MATERIAL TO PROCESS —
####
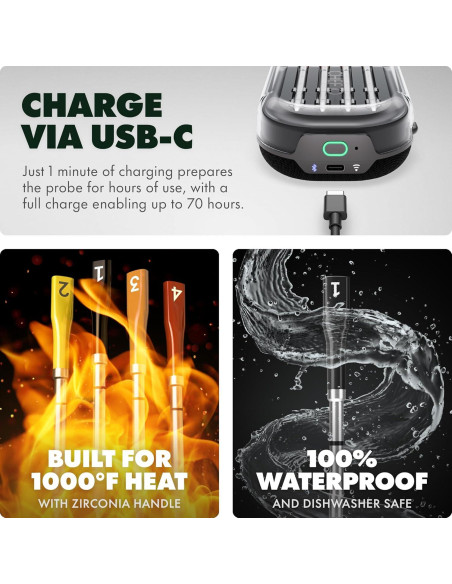 Termómetro de Carne Inalámbrico CHEF iQ CQ60 - 4 Sondas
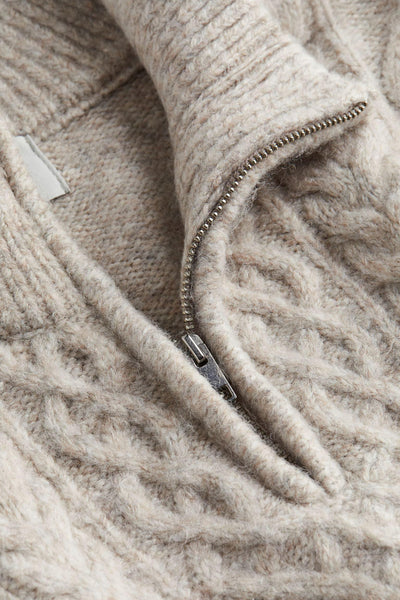 Felix | Zopfstrickpullover mit Halbreißverschluss – Warm & Stilvoll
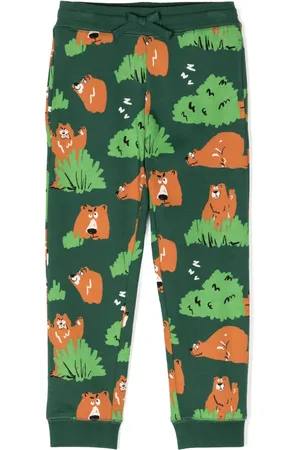 Stella McCartney Pantalon de jogging en coton à imprimé animalier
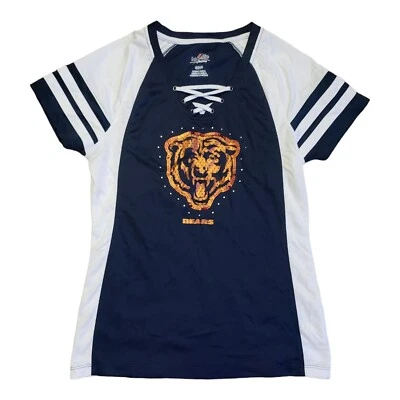CHICAGO BEARS Womens Jersey Majestic Fan Fashion Sequin Design Shirt  Size Small - Image 1 of 4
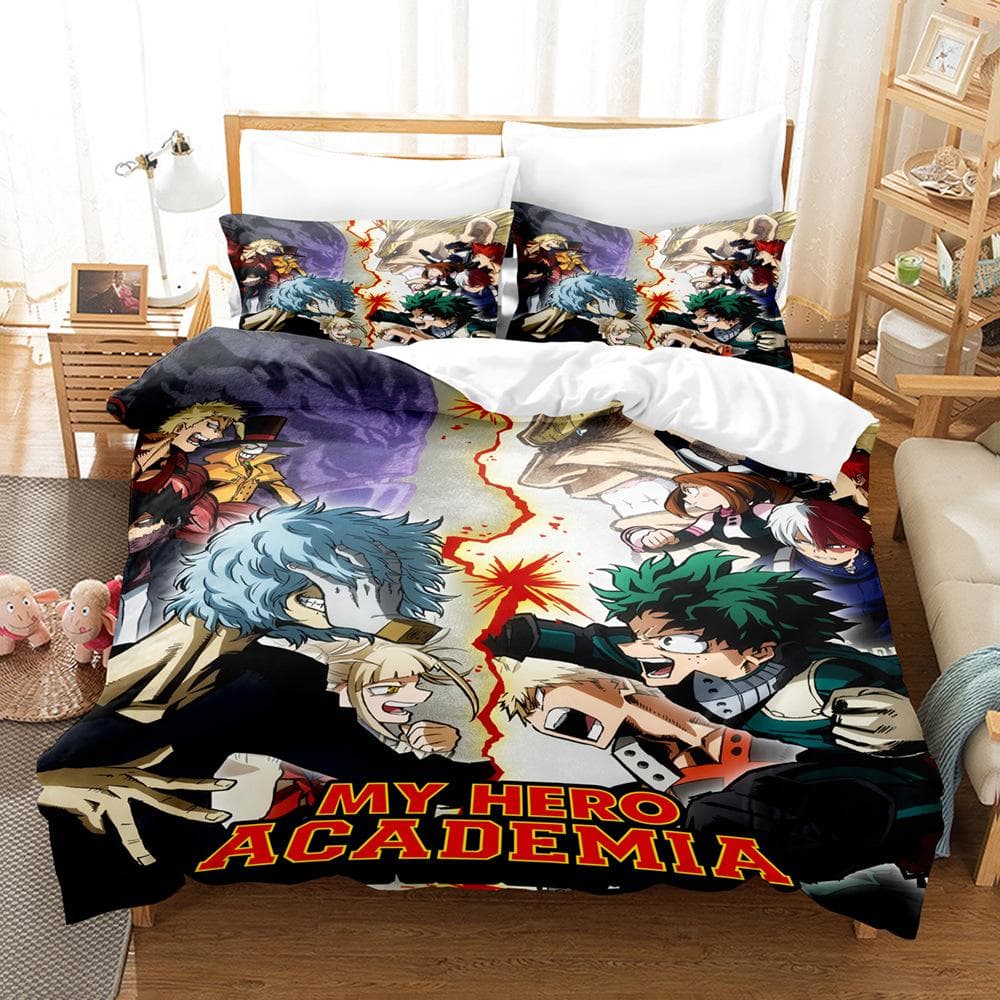 New My Hero Academia Bedding Set Japan Anime Soft Bedclothes Single Double Queen Twin Full Size Duvet Cover Teens Boys Bed Linen US Twin172x218cm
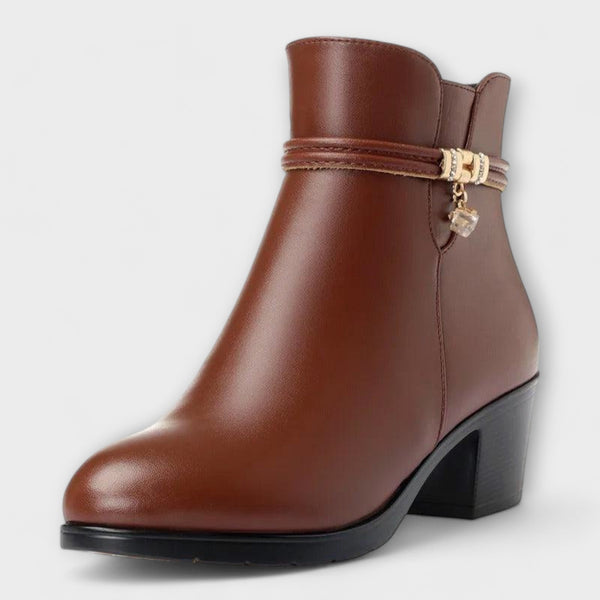 Frederika - Elegant winter boots with zipper and warm lining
####
WORK TASK —
The expected answer is an unaltered copy of the listing, images removed.

THE ANSWER —
 Termómetro de Carne Inalámbrico CHEF iQ CQ60 - 4 Sondas
 Felix | Zopfstrickpullover mit Halbreißverschluss – Warm & Stilvoll
 Stella McCartney Pantalon de jogging en coton à imprimé animalier
CHICAGO BEARS Womens Jersey Majestic Fan Fashion Sequin Design Shirt  Size Small - Image 1 of 4
 New My Hero Academia Bedding Set Japan Anime Soft Bedclothes Single Double Queen Twin Full Size Duvet Cover Teens Boys Bed Linen US Twin172x218cm
 Frederika - Elegant winter boots with zipper and warm lining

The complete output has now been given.